Les protestataires se sont sentis personnellement insultés par un passage de l’entretien où le chef de l’Etat déclare que « s’ils ne sont pas contents des gens au pouvoir, ils peuvent émigrer ». Cette formule, très malvenue dans un pays marqué par le déracinement forcé de ses jeunes, obligés de s’expatrier pour trouver un emploi, consacre la rupture entre la rue et le dirigeant octogénaire.
« Est-il permis à un président de dire à son peuple : “Foutez le camp” ? », s’insurge Ghada, une quadragénaire au chômage, venue manifester à Baabda, et dont l’une des filles est récemment partie étudier en France. « Aoun, qui a bataillé trente ans pour parvenir à son poste, a ruiné toute sa crédibilité en une heure », estime Yasser, un journaliste.
« Tous ces gens qui n’en font qu’à leur tête »
Au cours de l’entretien, comme durant ses trois précédentes interventions depuis le début de la crise, l’ancien chef de l’armée libanaise a assuré comprendre les doléances des contestataires, notamment leur aspiration à un Etat de droit, purgé de toute corruption. Mais il a rejeté leur revendication fondatrice, la formation d’un gouvernement composé exclusivement de technocrates indépendants, affirmant qu’un cabinet mixte, « techno-politique », avait sa faveur.

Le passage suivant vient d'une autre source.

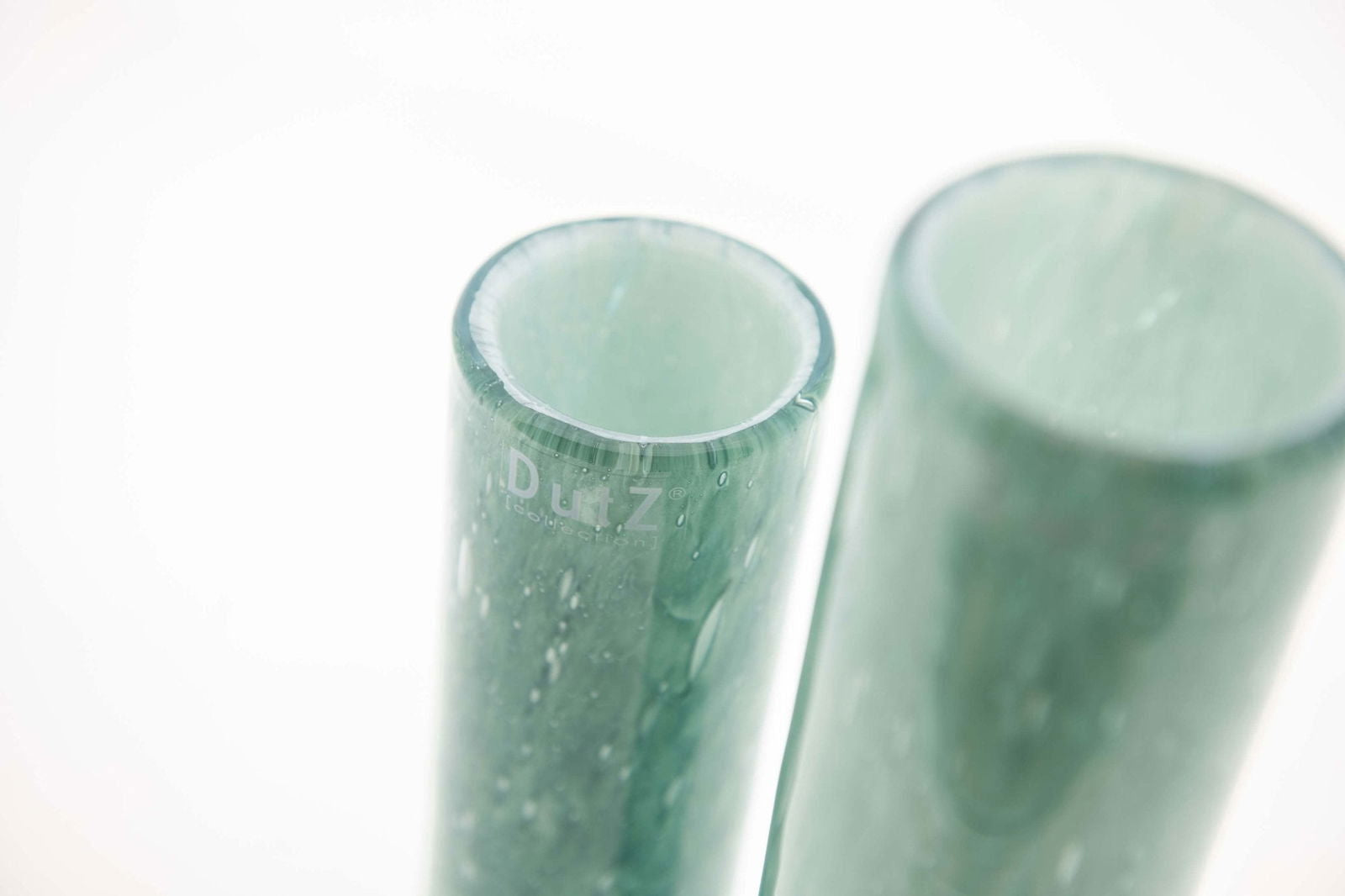 Cylinder Vase in Green and White Mouth Blown Glass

« Où est-ce que je peux aller les chercher [ces indépendants]? Sur la Lune ?, a-t-il ironisé. Existe-t-il des Libanais qui ne soient affiliés à aucun parti politique ? » Cette position rejoint celle de son principal allié, le mouvement chiite Hezbollah, qui redoute de faire les frais d’un exécutif neutre, où il ne serait pas représenté. Elle ouvre la voie à un maintien au pouvoir de son gendre, le ministre des affaires étrangères, Gebran Bassil, la bête noire des révoltés libanais.